Next, the image forming apparatus 500 equipped with the optical scanning device 100 having the above-mentioned configuration will be explained. Since the image forming processes performed in the first to fourth stations are the same, one of the color image forming processes will be explained while the suffixes A, B, C and D are omitted from the reference numbers.

When image information is sent to the image forming apparatus from a host device, the light source 70 emits laser beams. The laser beams are incident on the deflection surface of the polygon mirror 104 through the optical unit 102 so as to be subjected to deflection scanning. The deflected laser beams are then focused on the photoreceptor 30 by the scanning optics system.

The photoreceptor 30 has a photosensitive layer. When the charger 32 charges the photoreceptor 30 by applying a voltage thereto, the photosensitive layer has a charge with a uniform charge density. When the photoreceptor 30 is scanned with laser beams as mentioned above, the irradiated portions of the photosensitive layer become electroconductive, and therefore the irradiated portions have a potential near zero. Since the photoreceptor drum 30 is scanned with laser beams modulated on the basis of the image information while rotated in the direction indicated by the arrows in FIG. 1, an electrostatic latent image, in which the potential is changed depending on the amount of light irradiating the photosensitive layer, is formed on the photoreceptor.

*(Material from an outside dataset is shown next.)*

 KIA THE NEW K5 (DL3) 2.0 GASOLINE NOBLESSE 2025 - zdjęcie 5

The electrostatic latent image thus formed on the photoreceptor 30 is developed by a toner, which is supplied to the photoreceptor by the developing roller of the developing device 33. In this regard, a voltage with a polarity opposite to the polarity of the charge on the photoreceptor 30 is applied to the developing roller, and the toner adhered to the developing roller has a charge with the same polarity as that of the charge on the photoreceptor. Therefore, the toner is not adhered to the non-irradiated portion having a high potential, and is adhered to the irradiated portions, resulting in formation of a toner image on the photoreceptor 30.

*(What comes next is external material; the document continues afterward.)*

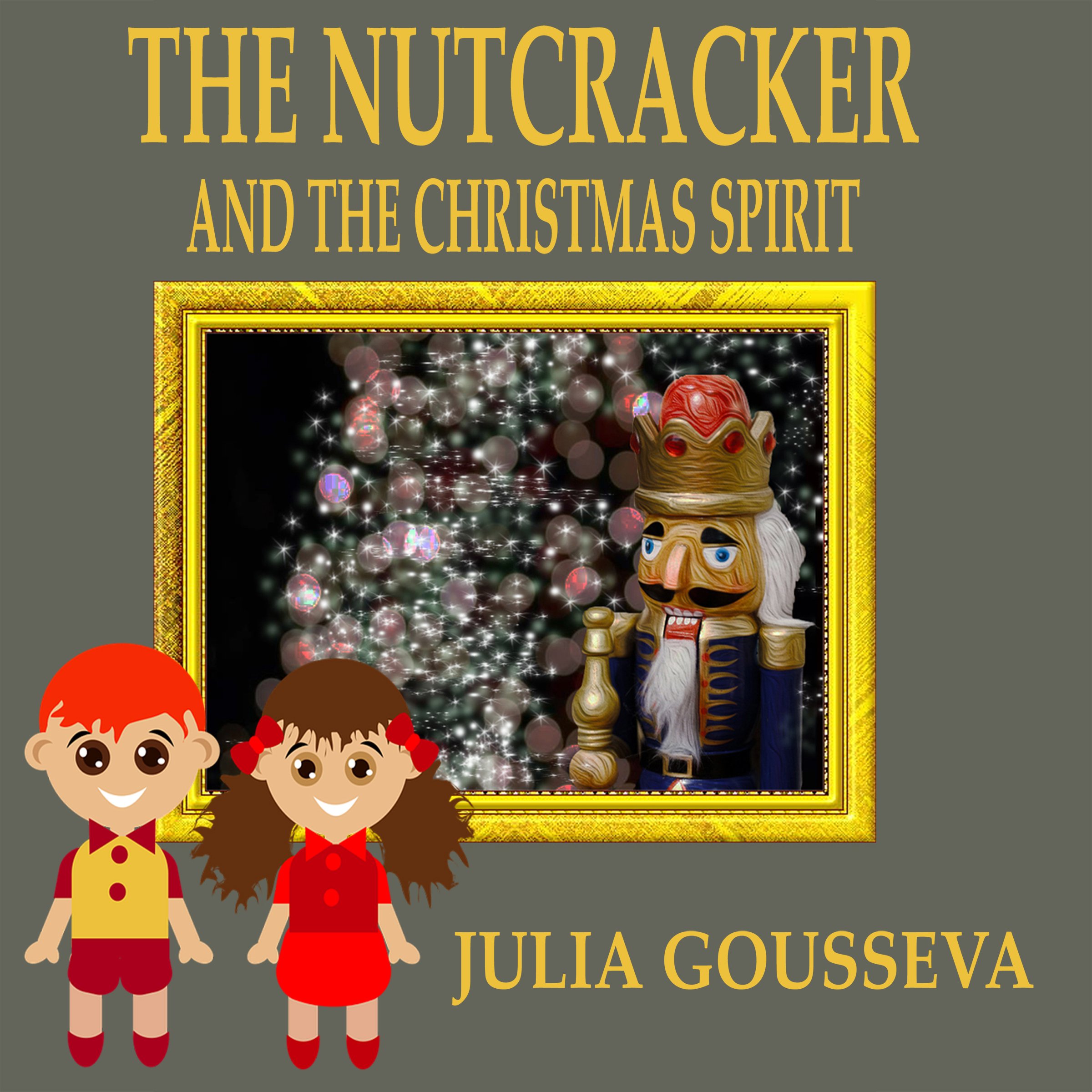 The Nutcracker and the Christmas Spirit: Adventure Six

The color toner images thus formed on the photoreceptor drums 30A-30D in the first to fourth stations are transferred one by one onto the transfer belt 40 while overlaid, resulting in formation of a combined color toner image. The combined color toner image on the transfer belt 40 is then transferred onto a sheet of the receiving material 61, which has been fed from the receiving material tray 60, by the transfer charger 48. The combined color toner image is then fixed on the receiving material sheet 61 by the fixing rollers 50. The receiving material sheet 61 bearing the fixed image thereon is then discharged to the discharge tray 501a by the discharging roller 58.

As mentioned above by reference to FIG. 8, in this embodiment each of the light sources 70A-70D is attached to the housing of the core unit 120 such that the notch 70d formed on the stem portion 70b of the light source overlaps with the notch 121b formed on the engaging portion 121 of the housing of the core unit 120. In this case, by inserting the slotted screwdriver 90 into a space formed by the notch 70d and the notch 121b and rotating the screwdriver, the angle of the light source, which is engaged with the engaging portion 121, can be adjusted. Therefore, the photoreceptor drums 30 can be scanned with laser beams in which beam pitches can be well adjusted, resulting in formation of well reproduced electrostatic latent images (i.e., formation of high definition electrostatic latent images).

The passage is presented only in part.